# Who replaces Webber in ALL-STAR GAME??????



## RayMond Felton (Jan 25, 2003)

Amare, Brand, Finley, Jamison????


----------



## R-Star (Jun 13, 2002)

Brand


----------



## THE'clip'SHOW (Sep 24, 2002)

Brand. See how things work out.


----------



## Tenshi25 (Nov 27, 2002)

> Brand


I don't know if that's a confirmed fact or just an opinion, in any case IMO judging by numbers it should be Jamison, Brand or Malone (come on, he's not doing great but MJ is going to the All Star too, isn't he?).


----------



## JoeF (Jul 16, 2002)

> Originally posted by <b>Tenshi25</b>!
> 
> 
> I don't know if that's a confirmed fact or just an opinion, in any case IMO judging by numbers it should be Jamison, Brand or Malone (come on, he's not doing great but MJ is going to the All Star too, isn't he?).

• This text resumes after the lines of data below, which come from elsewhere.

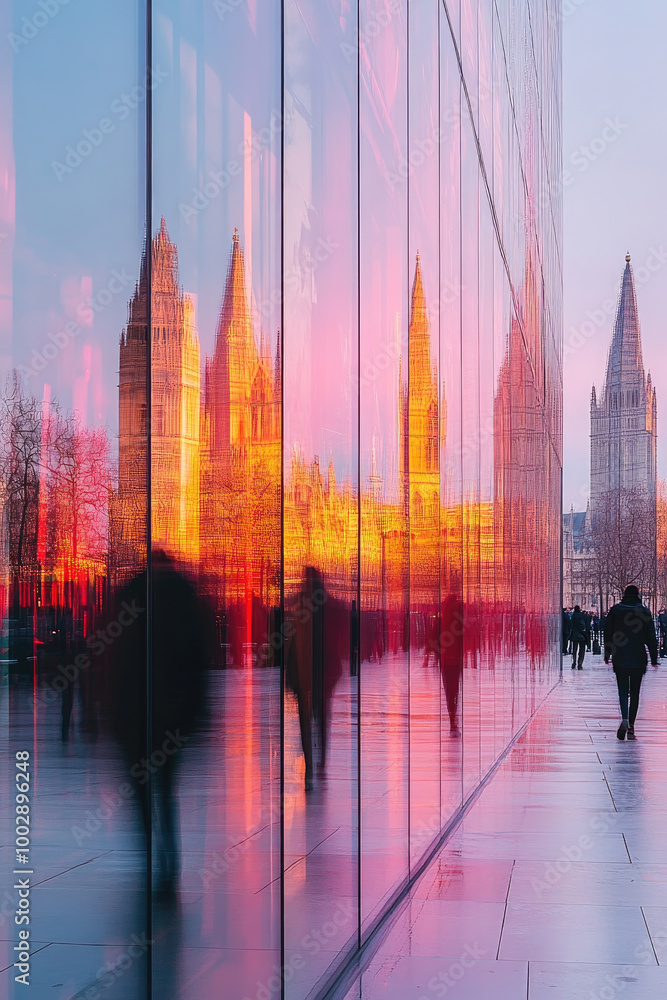 Obraz premium The stunning sunset casts vibrant colors on modern glass reflecting the iconic towers of London and pedestrians strolling nearby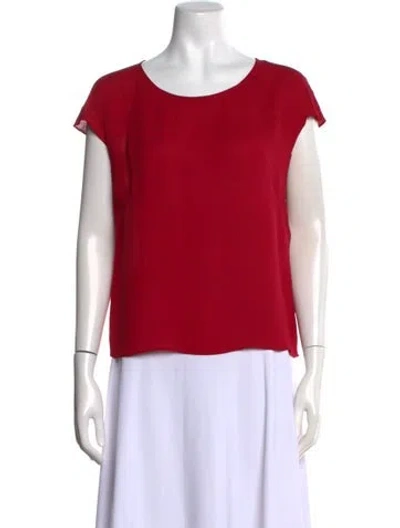 Pre-owned Escada Silk Crew Neck Top In Red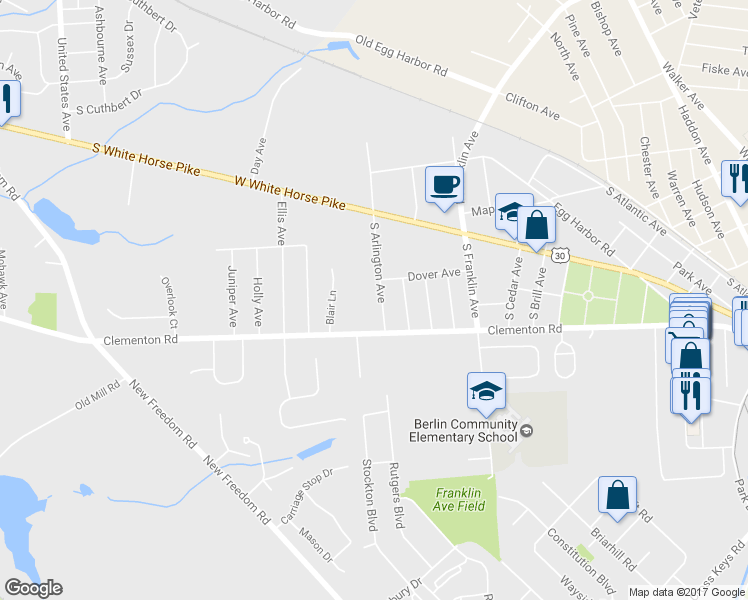 map of restaurants, bars, coffee shops, grocery stores, and more near 36 South Arlington Avenue in Berlin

I would rather see Harpring go over Malone if it was someone from the Jazz. Their numbers aren't that different. I think Harpring would appreciate it more. I don't think Malone really cares whether he goes or not.


----------



## JGKoblenz (Jul 19, 2002)

My first choice would be Brand. I'm with JoeF, I don't think Malone is really upset for not playing at the All-Star game.


----------



## HEATLUNATIC (May 27, 2002)

Brand!!!:yes:


----------



## shoprite (Dec 18, 2002)

Mailman is possible too.


----------



## Tenshi25 (Nov 27, 2002)

Well I don't really know how much Malone wants to go to the All Star game but you're probably right and he doesn't care much but I was just thinking about picking him up like a tribute to his career, even if his numbers aren't that good this season, like in the MJ case, not about his personal feelings or desire to participate in the game, I am sure there are a bunch of other players who would want to play in the All Star game lot more than Malone.


----------



## s a b a s 11 (Dec 31, 2002)

1. Michael Finley
2. Karl Malone
3. A Portland Trailblazer
4. Elton Brand

STuart


----------



## Raptor Fan 42 (Sep 20, 2002)

Elton!


----------



## Damian Necronamous (Jun 10, 2002)

Elton Brand, but since Yao is on the team...they just might put Amare on there.


----------



## RangerC (Sep 25, 2002)

The replacement needs to be someone from Portland, Utah or Sacramento. If it's a player like Brand or Jamison from a sub-.500 team, then the top 6 teams in the West will have 4 players total playing in the game - how ridiculous is that?


----------



## BleedGreen (Jun 24, 2002)

I think it should be Malone. The guy is a future hall of famer and he deserves it.


----------



## Tom (Jul 15, 2002)

how about Matt Harpring....where would that team be without him
his #'s are good enough. I like to see new people make it. Maybe, Jamison.


----------



## Arclite (Nov 2, 2002)

Harp or Jamison.


----------



## daboy (Jan 24, 2003)

I'll go with either Finley or Jamison over Brand. But Dallas already has 2 all-stars so Finley probably won't go. Brand is doing his thing but the Clippers had high expectations and they are doing what the Clippers do best...lose. Jamison on the other hand is leading GS this year to respectibility. I say Tawn goes.


----------



## Chef (Nov 24, 2002)

1. Brand
2. Malone
3. Gasol
4. Jamison


----------



## IV (Jul 16, 2002)

everyone seems to be pulling for Brand and he's not a bad choice, but I like Mike Finley. With Nash and Dirk already selected it would only be right to have him there to.


----------



## Jason Caffeine (May 31, 2002)

Jamison deserves to go


----------



## Jamel Irief (May 19, 2002)

It should be Finley. he's arguable their best player and they have the #1 record. 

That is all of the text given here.